The decision offers a ray of hope to thousands thrown out of jobs after the court shut down mining in the wake of reports of massive illegal extraction of iron ore though awarding of fresh leases will be time-consuming.
The SC order has implications beyond Goa as the mining sector’s woes contributed to the economic slowdown along with low growth in manufacturing. Mining has been affected in Karnataka and Odisha as well.
During April 2012-January 2013, India’s iron ore exports fell about 68.27 per cent to 16.35 million tonnes year-on-year. In April-September 2013, the mining sector contracted 1.6 per cent. It has been negative in the two previous fiscals.
The mining sector has also been hurt by Coalgate and long pendency of key amendments to the Mines and Minerals (Development and Regulation) Act to allow private firms to engage in mining through competitive bidding. The Goa government and various bodies have been seeking a review of the ban, saying legal mining be allowed as thousands of livelihoods and state revenues are being severely impacted.
In its order, the SC bench limited iron ore extraction at 20 million tonnes a year and cancelled mining leases that had been given extensions after 2007 after completion of 20-year renewal periods.
This is a hurdle the mining industry and the state government have to cross and the role of the new government at the Centre, expected to be in office by May, will be crucial in ensuring quick clearances.
On Monday, the green bench of justices AK Patnaik, SS Nijjar and FMI Kalifulla ordered cancellation of all mining leases given extension after 2007 even after completion of the maximum 20 years of renewal period and upheld the state as well as central government’s decisions in September 2012 in this regard.
It also set out conditions like defining a one-km buffer zone around national parks and sanctuaries as no-mining areas and asked the Union ministry of environment and forests to issue a notification within six months demarcating eco-sensitive zones around national parks and sanctuaries.
As an interim measure, the court permitted resumption of iron and other ore mining by those granted fresh leases by the state government in accordance with “its policy decision and Mines and Minerals (Development and Regulation) Act”.
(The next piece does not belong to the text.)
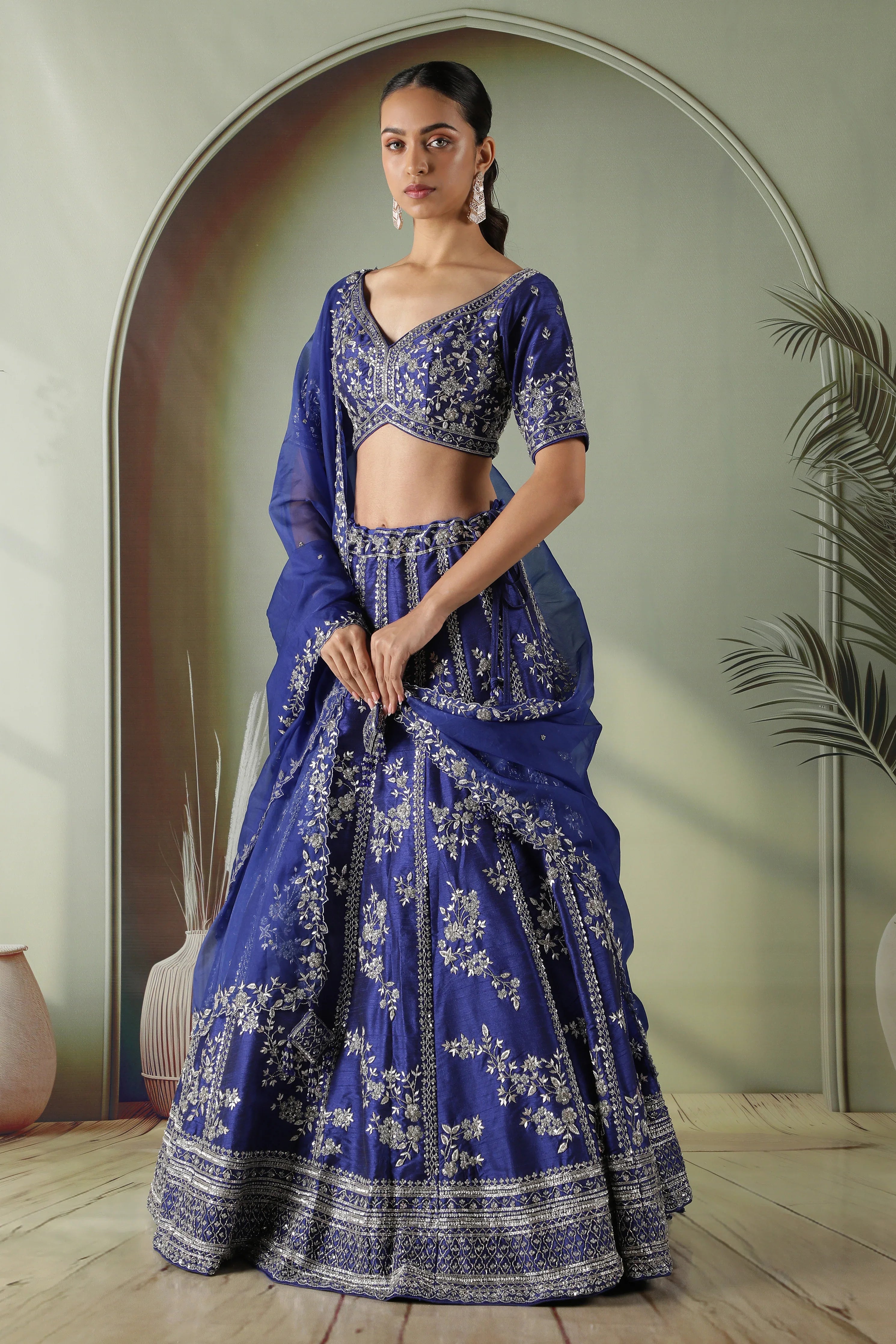 Royal Blue Raw Silk Lehenga set - Mokshaa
“Until the final report is submitted by the expert committee, the state government will, in the interests of sustainable development and intergenerational equity, permit a maximum annual excavation of 20 million MT from the mining leases in the state of Goa other than from dumps,” said Justice Patnaik, who authored the judgment for the bench.
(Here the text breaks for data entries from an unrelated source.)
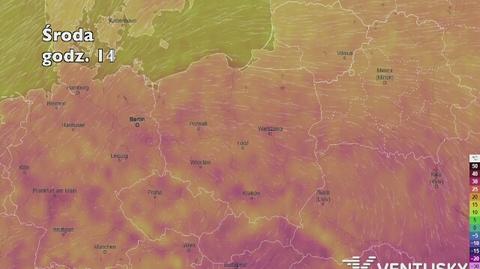 Temperatura w najbliższych dniach (ventusky.com | wideo bez dźwięku)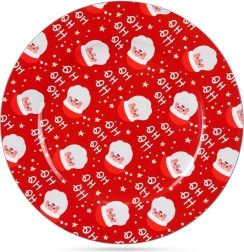 Dessous d’assiette rouge avec motif du Père Noël, 33 cm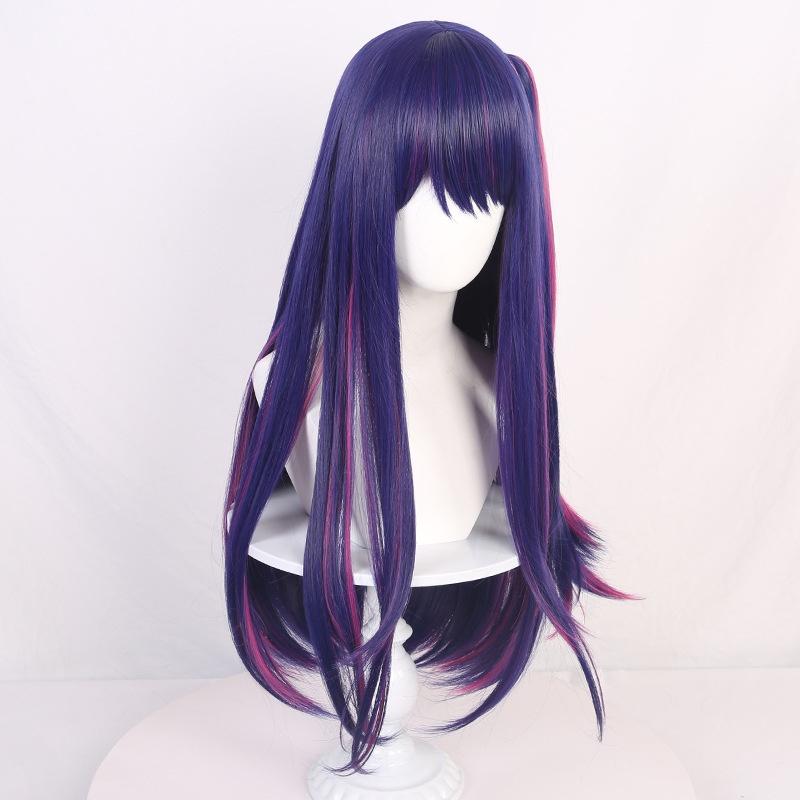 Hochwertige Oshi No Ko Hoshino Ai Cosplay-Perücke mit realistischem Kopfhautansatz und langem blau-violettem Haar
The bench asked Goa pollution control board to strictly monitor the air and water pollution levels in the mining areas and furnish relevant data to the expert committee. The court also asked the state to prepare inventory of the sale of iron ore through e-auction.
It asked the monitoring committee to submit its final report on the utilization and appropriation of the sale proceeds of the iron ore within six months and directed iron ore mining lessees to pay 10 per cent of sale price to Goan Iron Ore Permanent Fund.
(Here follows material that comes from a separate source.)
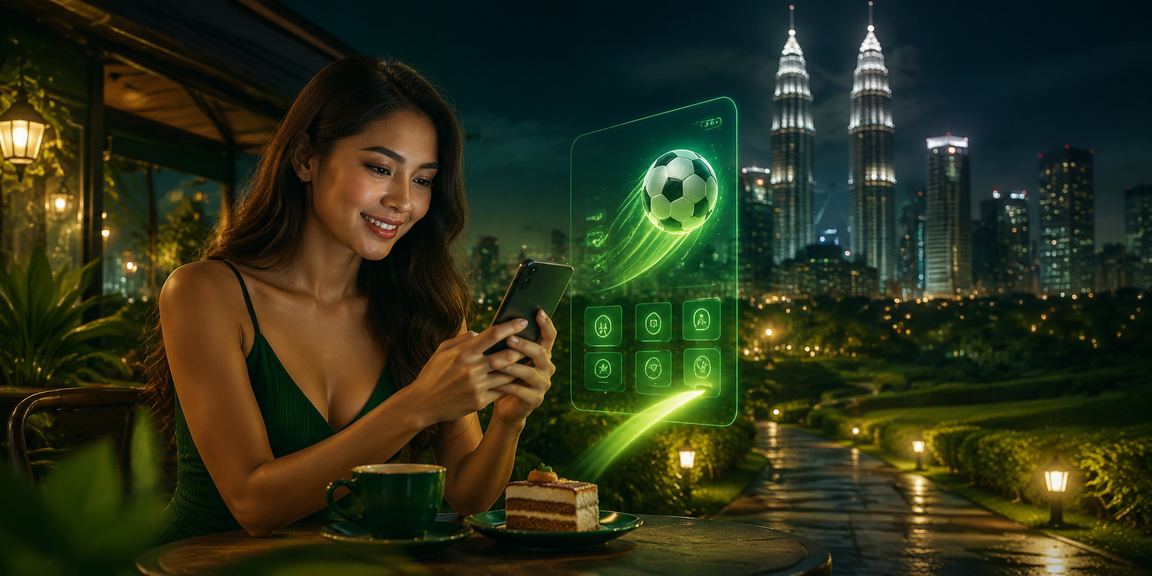 Pengguna menikmati taruhan bola sepak di aplikasi mudah alih 4d56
“The state government will within six months frame a comprehensive scheme with regard to the Goan Iron Ore Permanent Fund in consultation with the Central Empowered Committee for sustainable development and intergenerational equity and submit the same to the court,” the bench said.
Another petition filed by NGO ‘Common Cause’ sought immediate stoppage of iron ore mining in the wake of damning Justice Shah commission report. The bench asked Odisha government and the Centre to respond to the petition, which requested the court to cancel existing iron ore mining leases saying the situation in the state was worse than Goa and Karnataka.
According to the NGO, Justice Shah commission had indicted Navin Patnaik government saying “from the inquiries conducted by this commission, it is apparent that all modes of illegal mining … are being committed in the state of Odisha.”